If you live in a country where there are a lot of concerns about loose radiation, for instance, after an enormous earthquake has compromised and destabilized nuclear reactors, this completely makes sense. It’s being put out by the mobile phone provider Softbank in Japan.
The smartphone in the company’s “Pantone” series will come in eight bright colours and include customised IC chips made by Sharp Corp (6753.T) that measure radiation levels in microsieverts per hour.
The phone, which goes on sale this summer, can also keep track of each location a user tests for radiation levels.
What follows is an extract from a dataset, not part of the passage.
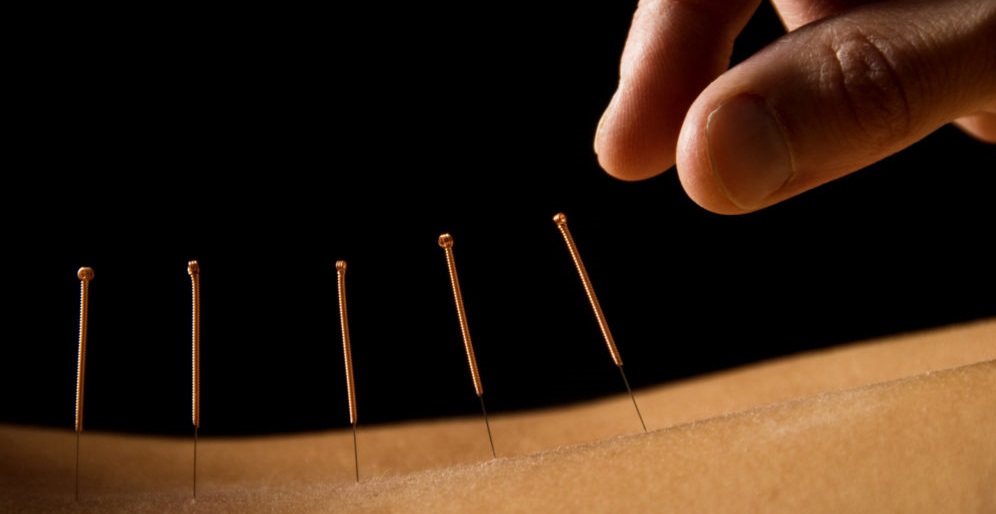 needles on the curve of the back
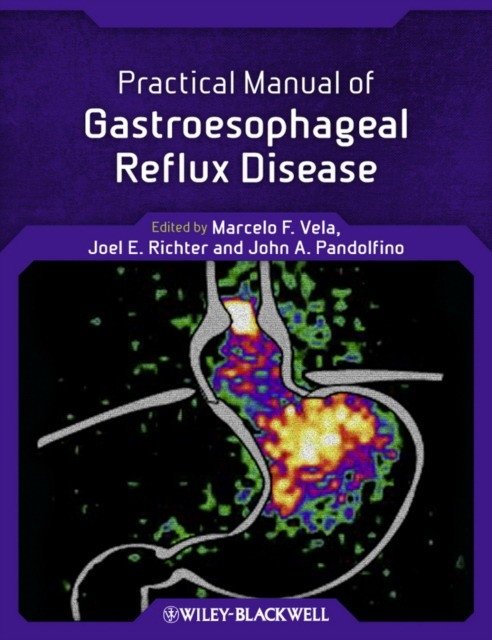 Practical Manual of Gastroesophageal Reflux Disease | Practical Manual of Gastroesophageal Reflux Disease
If your brain is up to some more science the morning after Memorial Day weekend, here’s some more data on what the phone does, courtesy of The Register:
A special button on the front of the Pantone 5 launches the radiation detector, as demonstrated an hour into the operator’s press launch, which geo-tags the level in microSieverts per hour and uploads it to the Softbank cloud. There’s much mention of the isotope Caesium-137 during the press briefing, but the use of microSieverts/hr suggests that the detector is a dosimeter measuring radiation dose from all sources as opposed to an actual Caesium-137 detector which would be expected to read in Becquerels. That said, any detectable radiation from the Fukushima incident would probably result mostly from the presence of long-lived Cs-137 from the breached cores at this point, so it’s not unreasonable to mention the isotope in this context.